_Available records_:
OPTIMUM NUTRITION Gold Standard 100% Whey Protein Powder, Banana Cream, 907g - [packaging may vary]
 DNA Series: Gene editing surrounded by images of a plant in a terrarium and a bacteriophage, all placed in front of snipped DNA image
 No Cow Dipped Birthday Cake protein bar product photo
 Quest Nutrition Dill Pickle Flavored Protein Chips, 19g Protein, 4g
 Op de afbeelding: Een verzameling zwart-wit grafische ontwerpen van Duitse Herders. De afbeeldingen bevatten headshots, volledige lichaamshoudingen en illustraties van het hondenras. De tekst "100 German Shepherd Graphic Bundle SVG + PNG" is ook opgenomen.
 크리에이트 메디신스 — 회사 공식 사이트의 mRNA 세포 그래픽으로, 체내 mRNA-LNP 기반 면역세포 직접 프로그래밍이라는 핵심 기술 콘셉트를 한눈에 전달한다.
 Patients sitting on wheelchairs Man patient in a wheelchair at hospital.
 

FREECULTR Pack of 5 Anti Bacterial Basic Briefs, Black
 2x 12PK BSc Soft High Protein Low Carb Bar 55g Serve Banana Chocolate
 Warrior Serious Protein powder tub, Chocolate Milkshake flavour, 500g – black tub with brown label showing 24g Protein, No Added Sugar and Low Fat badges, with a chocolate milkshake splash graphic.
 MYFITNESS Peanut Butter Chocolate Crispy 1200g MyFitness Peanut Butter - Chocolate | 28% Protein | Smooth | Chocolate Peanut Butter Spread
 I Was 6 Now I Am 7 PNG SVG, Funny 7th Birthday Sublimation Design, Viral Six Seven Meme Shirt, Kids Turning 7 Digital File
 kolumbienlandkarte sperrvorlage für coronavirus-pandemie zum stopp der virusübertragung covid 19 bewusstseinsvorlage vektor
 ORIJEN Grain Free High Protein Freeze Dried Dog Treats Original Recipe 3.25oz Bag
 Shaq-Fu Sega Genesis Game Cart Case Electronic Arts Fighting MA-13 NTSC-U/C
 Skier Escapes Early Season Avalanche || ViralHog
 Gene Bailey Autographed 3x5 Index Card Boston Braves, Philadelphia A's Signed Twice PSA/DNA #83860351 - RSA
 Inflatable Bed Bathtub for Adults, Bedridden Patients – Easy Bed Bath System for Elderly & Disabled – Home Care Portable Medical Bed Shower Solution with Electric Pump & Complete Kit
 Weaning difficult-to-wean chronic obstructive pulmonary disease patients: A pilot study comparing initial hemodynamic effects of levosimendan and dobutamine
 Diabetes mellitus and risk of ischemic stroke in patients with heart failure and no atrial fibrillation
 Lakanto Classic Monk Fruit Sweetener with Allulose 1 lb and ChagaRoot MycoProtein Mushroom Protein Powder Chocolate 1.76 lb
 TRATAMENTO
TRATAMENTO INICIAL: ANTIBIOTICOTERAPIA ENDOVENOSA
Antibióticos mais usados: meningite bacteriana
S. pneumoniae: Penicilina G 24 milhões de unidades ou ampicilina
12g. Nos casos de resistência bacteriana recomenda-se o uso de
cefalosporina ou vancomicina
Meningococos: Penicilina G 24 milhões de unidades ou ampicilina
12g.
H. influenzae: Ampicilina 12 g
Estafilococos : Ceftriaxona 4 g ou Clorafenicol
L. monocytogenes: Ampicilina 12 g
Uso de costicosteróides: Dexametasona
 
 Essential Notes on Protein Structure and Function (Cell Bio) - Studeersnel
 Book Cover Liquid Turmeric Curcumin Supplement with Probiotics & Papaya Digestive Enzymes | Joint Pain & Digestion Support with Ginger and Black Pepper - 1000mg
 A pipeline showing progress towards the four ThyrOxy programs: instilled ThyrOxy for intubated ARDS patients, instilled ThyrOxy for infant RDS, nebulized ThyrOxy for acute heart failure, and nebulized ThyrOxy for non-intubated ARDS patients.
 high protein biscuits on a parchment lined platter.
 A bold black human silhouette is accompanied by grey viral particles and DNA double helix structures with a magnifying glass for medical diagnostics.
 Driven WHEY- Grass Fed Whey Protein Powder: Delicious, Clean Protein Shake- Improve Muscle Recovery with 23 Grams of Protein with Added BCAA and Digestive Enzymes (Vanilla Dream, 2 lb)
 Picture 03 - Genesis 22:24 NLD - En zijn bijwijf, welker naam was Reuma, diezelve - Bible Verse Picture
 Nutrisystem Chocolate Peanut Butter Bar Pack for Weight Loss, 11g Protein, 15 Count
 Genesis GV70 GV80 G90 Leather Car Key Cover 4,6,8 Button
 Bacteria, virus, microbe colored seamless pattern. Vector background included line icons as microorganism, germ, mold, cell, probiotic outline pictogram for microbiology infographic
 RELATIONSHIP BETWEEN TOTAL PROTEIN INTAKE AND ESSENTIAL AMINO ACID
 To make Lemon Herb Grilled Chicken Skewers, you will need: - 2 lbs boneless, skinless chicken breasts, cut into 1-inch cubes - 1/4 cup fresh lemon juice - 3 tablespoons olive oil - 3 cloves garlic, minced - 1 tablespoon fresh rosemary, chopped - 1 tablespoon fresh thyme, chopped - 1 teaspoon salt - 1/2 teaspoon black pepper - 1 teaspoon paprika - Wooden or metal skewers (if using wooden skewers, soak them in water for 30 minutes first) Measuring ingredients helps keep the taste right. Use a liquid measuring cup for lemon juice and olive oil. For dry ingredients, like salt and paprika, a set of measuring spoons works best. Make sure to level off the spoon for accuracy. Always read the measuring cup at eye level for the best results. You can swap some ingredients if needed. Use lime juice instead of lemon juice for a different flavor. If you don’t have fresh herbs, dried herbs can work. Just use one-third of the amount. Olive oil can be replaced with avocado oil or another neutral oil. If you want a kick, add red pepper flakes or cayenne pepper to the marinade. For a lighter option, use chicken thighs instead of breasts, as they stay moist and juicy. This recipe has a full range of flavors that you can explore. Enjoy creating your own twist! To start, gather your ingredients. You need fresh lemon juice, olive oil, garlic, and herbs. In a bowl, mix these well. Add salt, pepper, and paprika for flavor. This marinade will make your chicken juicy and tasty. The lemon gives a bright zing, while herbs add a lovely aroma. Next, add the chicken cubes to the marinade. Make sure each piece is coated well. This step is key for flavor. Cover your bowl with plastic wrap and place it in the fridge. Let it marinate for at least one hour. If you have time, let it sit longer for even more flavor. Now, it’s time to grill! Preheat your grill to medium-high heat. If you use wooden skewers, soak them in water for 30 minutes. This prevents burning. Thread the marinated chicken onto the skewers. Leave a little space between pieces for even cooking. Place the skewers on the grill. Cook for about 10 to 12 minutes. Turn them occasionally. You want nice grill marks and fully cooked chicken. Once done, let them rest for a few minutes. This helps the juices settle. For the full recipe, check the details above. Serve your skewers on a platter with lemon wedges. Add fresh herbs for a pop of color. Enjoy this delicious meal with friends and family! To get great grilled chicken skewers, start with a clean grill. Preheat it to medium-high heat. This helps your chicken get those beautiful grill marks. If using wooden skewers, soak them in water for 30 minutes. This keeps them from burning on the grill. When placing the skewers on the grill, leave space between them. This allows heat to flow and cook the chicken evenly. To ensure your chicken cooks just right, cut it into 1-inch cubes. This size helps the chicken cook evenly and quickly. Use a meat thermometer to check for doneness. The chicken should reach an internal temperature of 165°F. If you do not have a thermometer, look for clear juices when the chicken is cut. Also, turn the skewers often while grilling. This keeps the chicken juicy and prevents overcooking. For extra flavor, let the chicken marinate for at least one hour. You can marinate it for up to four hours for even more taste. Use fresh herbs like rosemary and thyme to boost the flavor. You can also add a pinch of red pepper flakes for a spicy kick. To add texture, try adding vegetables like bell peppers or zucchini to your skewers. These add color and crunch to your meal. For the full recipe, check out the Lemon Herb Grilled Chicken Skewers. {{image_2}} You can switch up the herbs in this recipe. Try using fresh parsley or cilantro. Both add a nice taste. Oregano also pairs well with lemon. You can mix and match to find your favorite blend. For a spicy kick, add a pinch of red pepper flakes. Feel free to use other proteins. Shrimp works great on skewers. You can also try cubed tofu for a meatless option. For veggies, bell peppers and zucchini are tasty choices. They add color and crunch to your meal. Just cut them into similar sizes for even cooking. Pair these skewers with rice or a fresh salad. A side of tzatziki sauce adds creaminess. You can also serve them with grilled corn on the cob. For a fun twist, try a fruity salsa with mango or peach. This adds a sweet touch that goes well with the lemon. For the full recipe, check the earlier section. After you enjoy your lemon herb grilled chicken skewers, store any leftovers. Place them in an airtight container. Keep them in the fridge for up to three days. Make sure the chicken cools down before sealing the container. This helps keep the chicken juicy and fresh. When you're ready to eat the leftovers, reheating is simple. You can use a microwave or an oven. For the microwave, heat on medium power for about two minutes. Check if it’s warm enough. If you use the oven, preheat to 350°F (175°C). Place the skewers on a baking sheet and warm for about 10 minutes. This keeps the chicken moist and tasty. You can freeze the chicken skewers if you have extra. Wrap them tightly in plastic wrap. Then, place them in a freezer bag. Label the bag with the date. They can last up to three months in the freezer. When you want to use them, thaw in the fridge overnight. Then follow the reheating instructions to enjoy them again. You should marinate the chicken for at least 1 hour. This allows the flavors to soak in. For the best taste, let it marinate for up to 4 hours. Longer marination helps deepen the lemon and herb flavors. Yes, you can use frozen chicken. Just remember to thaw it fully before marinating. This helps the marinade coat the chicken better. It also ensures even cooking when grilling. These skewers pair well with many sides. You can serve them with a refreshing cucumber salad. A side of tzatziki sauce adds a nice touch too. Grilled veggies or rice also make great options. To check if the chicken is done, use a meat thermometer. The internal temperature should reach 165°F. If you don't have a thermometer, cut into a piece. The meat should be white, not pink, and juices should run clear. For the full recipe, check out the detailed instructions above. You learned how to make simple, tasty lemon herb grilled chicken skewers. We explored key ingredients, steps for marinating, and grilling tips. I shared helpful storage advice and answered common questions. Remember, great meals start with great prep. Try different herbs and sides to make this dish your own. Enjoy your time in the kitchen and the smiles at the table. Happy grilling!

_Task statement_: In the listing above, locate the line containing "Nutrisystem Chocolate Peanut" and the line containing "Bacteria, virus, microbe". Extract those two lines and every line between them, exactly as written, and only those.

_Solution_:
 Nutrisystem Chocolate Peanut Butter Bar Pack for Weight Loss, 11g Protein, 15 Count
 Genesis GV70 GV80 G90 Leather Car Key Cover 4,6,8 Button
 Bacteria, virus, microbe colored seamless pattern. Vector background included line icons as microorganism, germ, mold, cell, probiotic outline pictogram for microbiology infographic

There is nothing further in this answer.